• _Records provided_:

■ ■ ■ ■

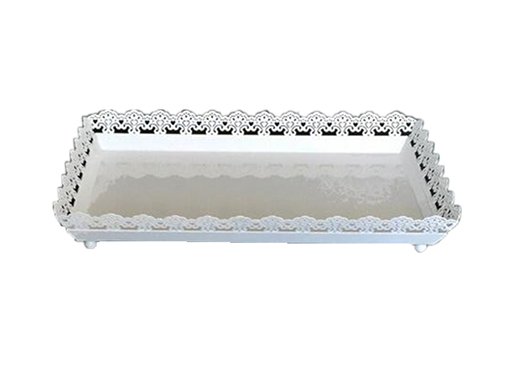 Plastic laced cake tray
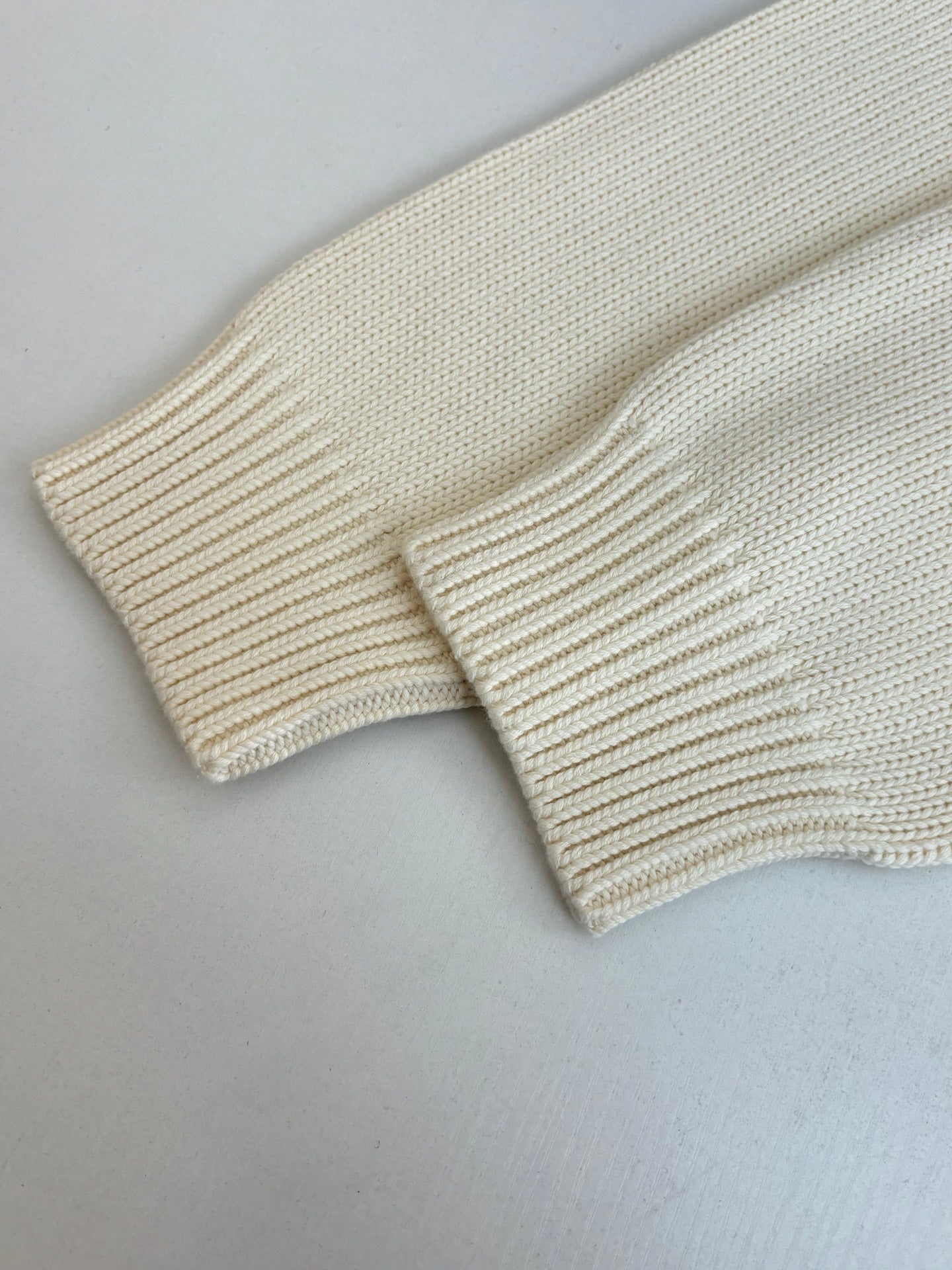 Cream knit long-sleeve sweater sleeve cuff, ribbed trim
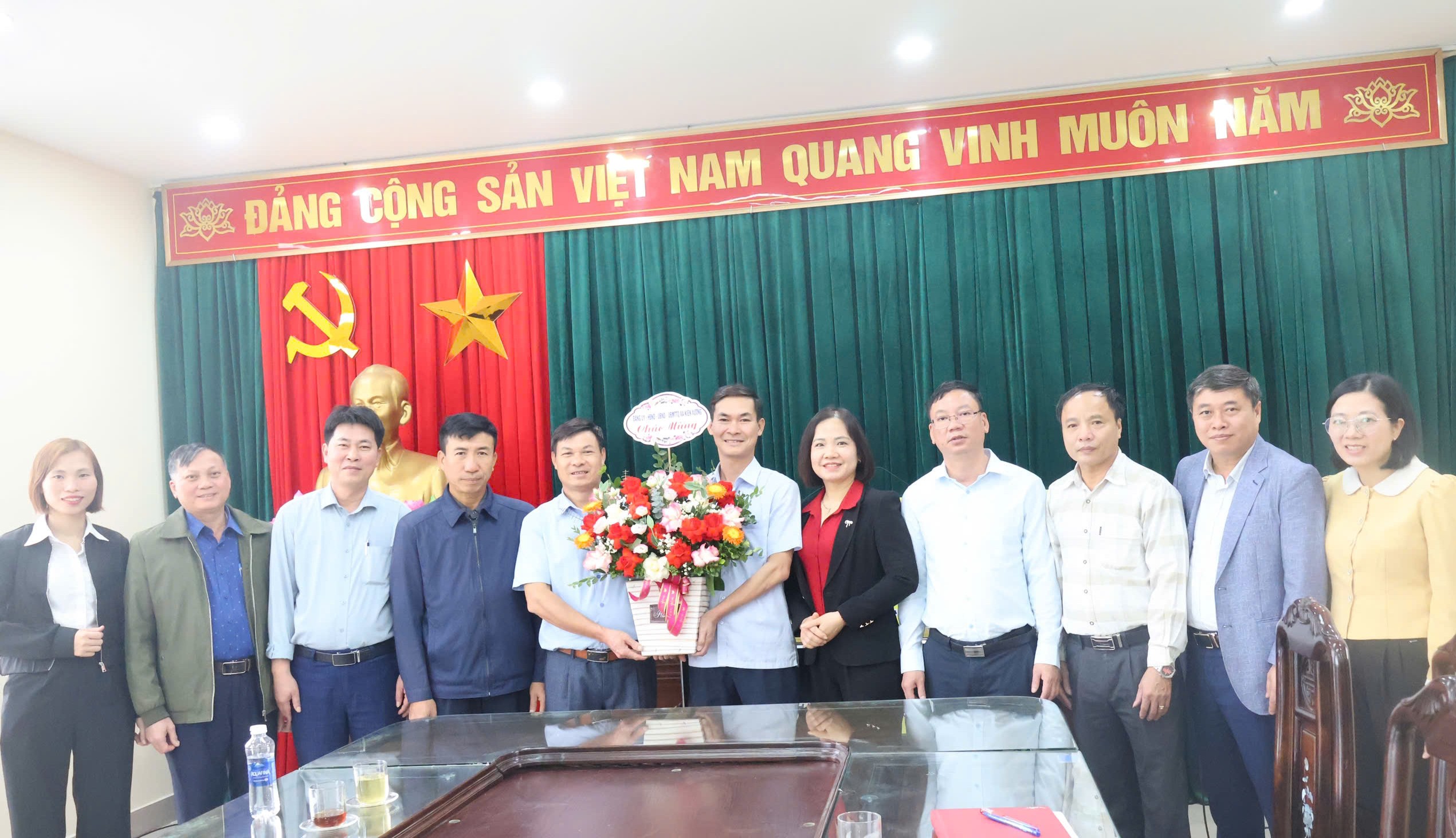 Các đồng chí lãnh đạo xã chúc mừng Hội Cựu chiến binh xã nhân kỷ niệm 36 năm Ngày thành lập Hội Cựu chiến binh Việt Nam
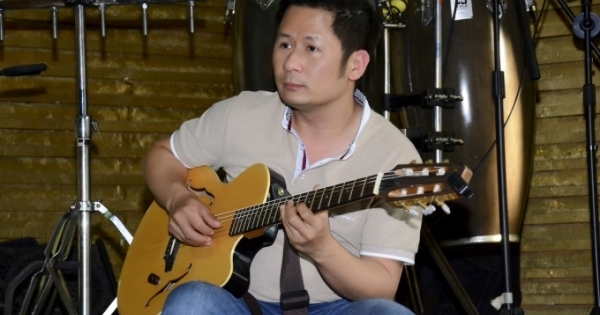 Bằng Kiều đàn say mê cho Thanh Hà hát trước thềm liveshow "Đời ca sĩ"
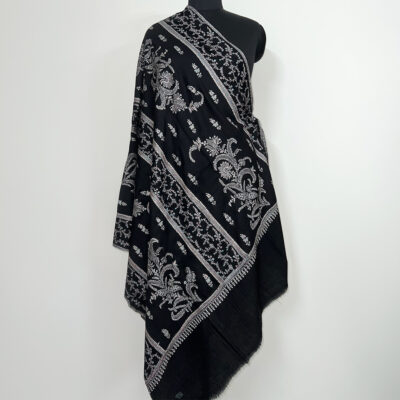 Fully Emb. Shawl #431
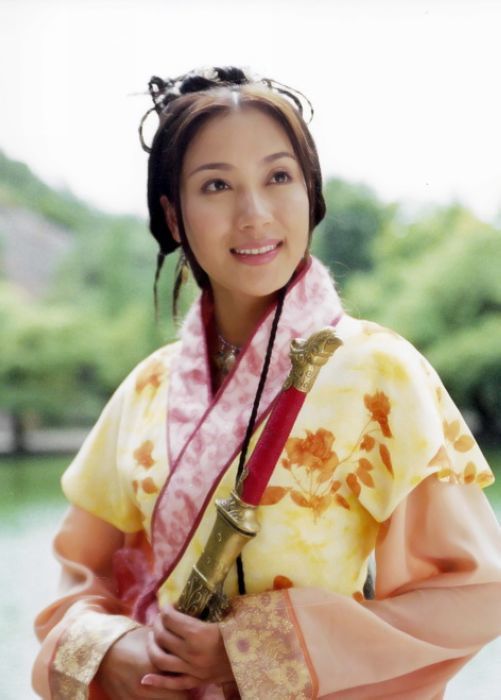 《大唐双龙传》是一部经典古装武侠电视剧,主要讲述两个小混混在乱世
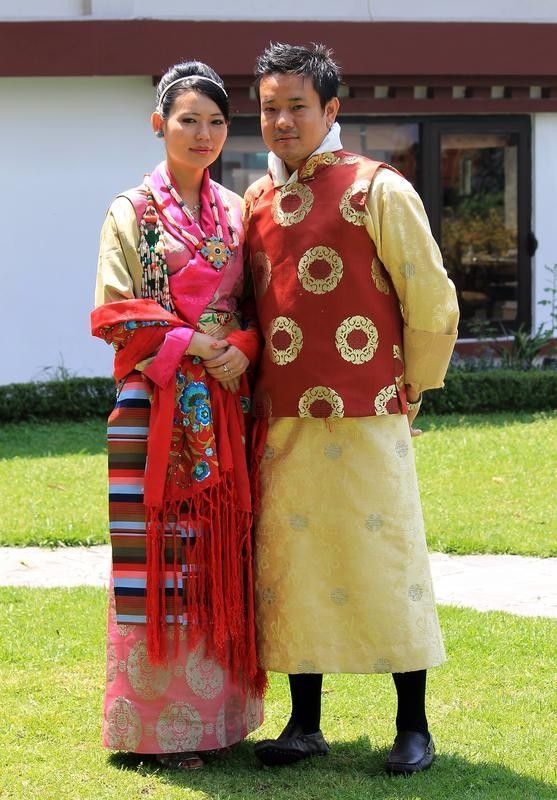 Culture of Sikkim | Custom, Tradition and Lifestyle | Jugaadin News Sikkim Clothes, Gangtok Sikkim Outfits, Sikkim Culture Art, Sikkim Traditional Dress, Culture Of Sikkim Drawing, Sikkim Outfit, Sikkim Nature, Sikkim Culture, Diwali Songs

■ ■ ■ ■

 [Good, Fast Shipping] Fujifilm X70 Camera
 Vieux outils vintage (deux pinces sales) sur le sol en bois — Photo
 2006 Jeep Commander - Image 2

■ ■ ■ ■

• _Goal of the exercise_: Print exactly, with no pictures, the lines above from the one that holds "Plastic laced cake tray" through the one that holds "Culture of Sikkim |", both of them included.

• _Solved problem_:
 Plastic laced cake tray
 Cream knit long-sleeve sweater sleeve cuff, ribbed trim
 Các đồng chí lãnh đạo xã chúc mừng Hội Cựu chiến binh xã nhân kỷ niệm 36 năm Ngày thành lập Hội Cựu chiến binh Việt Nam
 Bằng Kiều đàn say mê cho Thanh Hà hát trước thềm liveshow "Đời ca sĩ"
 Fully Emb. Shawl #431
 《大唐双龙传》是一部经典古装武侠电视剧,主要讲述两个小混混在乱世
 Culture of Sikkim | Custom, Tradition and Lifestyle | Jugaadin News Sikkim Clothes, Gangtok Sikkim Outfits, Sikkim Culture Art, Sikkim Traditional Dress, Culture Of Sikkim Drawing, Sikkim Outfit, Sikkim Nature, Sikkim Culture, Diwali Songs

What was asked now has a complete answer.